Captioned web image data:
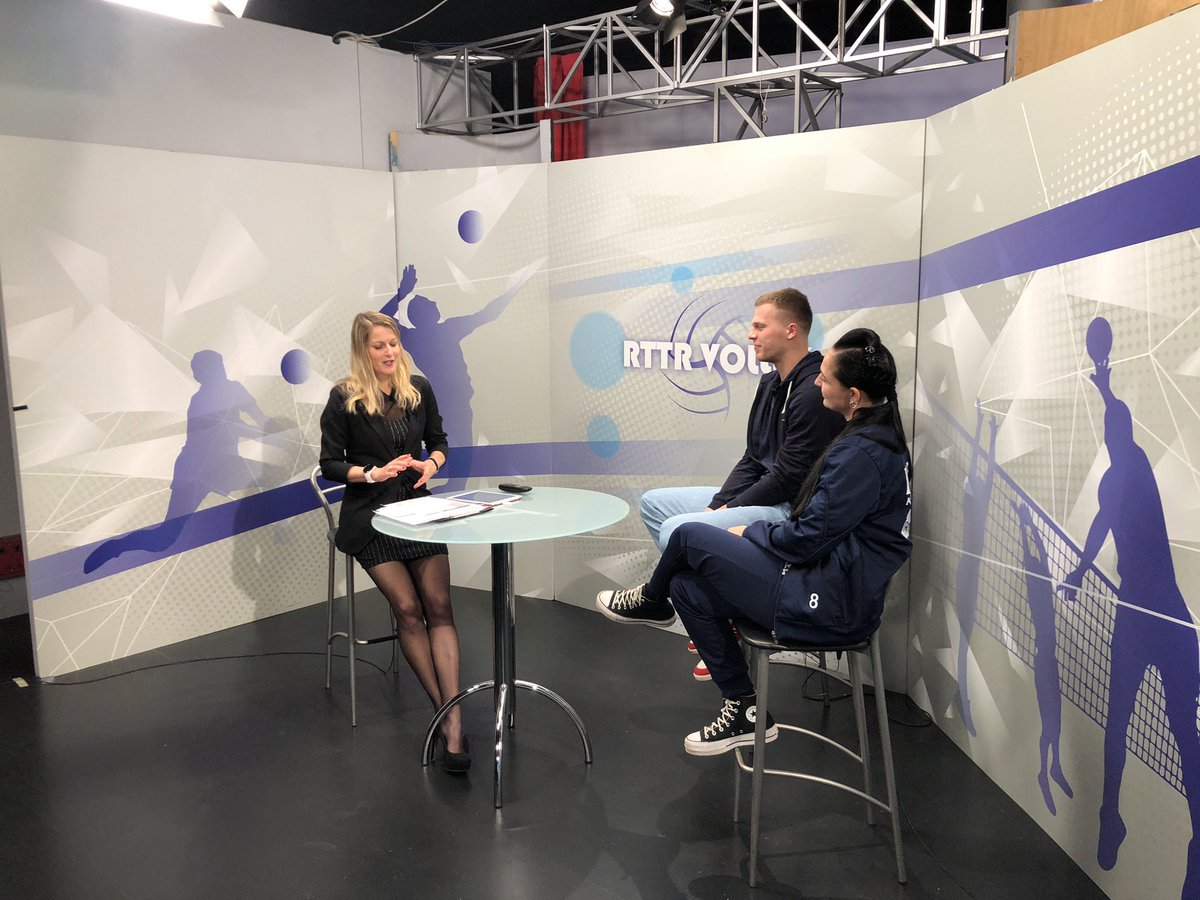 trentinovolley's tweet photo. 📺| STASERA IN TELEVISIONE
➖
Donovan #Džavoronok e Chiara #Libardi a “#RTTRVolley”
➖
🎯 @RTTR_News
#⃣ #trentinonelcuore https://t.co/LcldHFWXjH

BRIEF: Print each entry precisely as written; the pictures stay out.

WRITTEN REPLY:
 trentinovolley's tweet photo. 📺| STASERA IN TELEVISIONE
➖
Donovan #Džavoronok e Chiara #Libardi a “#RTTRVolley”
➖
🎯 @RTTR_News
#⃣ #trentinonelcuore https://t.co/LcldHFWXjH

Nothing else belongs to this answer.